EXERCISE:
Give an unaltered copy of the listing below, minus its pictures.

DATA EXTRACT:
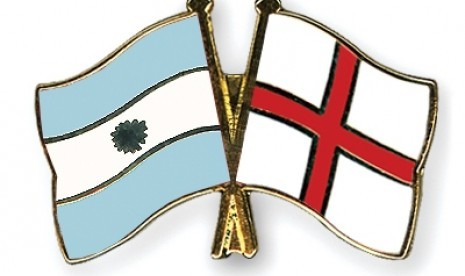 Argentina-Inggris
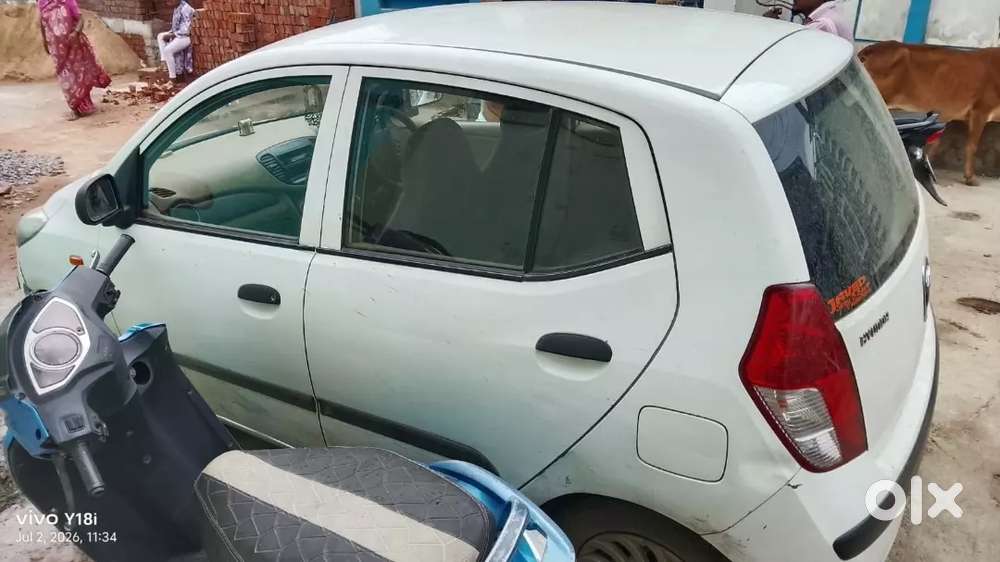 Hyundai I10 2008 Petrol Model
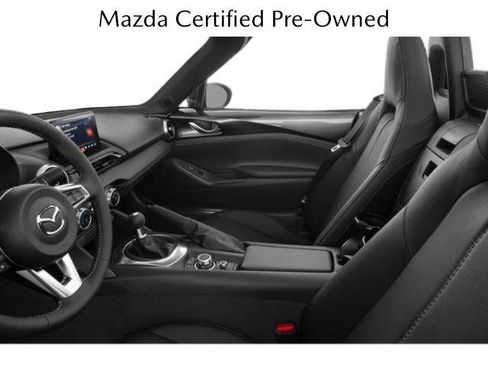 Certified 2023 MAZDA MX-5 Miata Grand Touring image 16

RESPONSE AREA:
 Argentina-Inggris
 Hyundai I10 2008 Petrol Model
 Certified 2023 MAZDA MX-5 Miata Grand Touring image 16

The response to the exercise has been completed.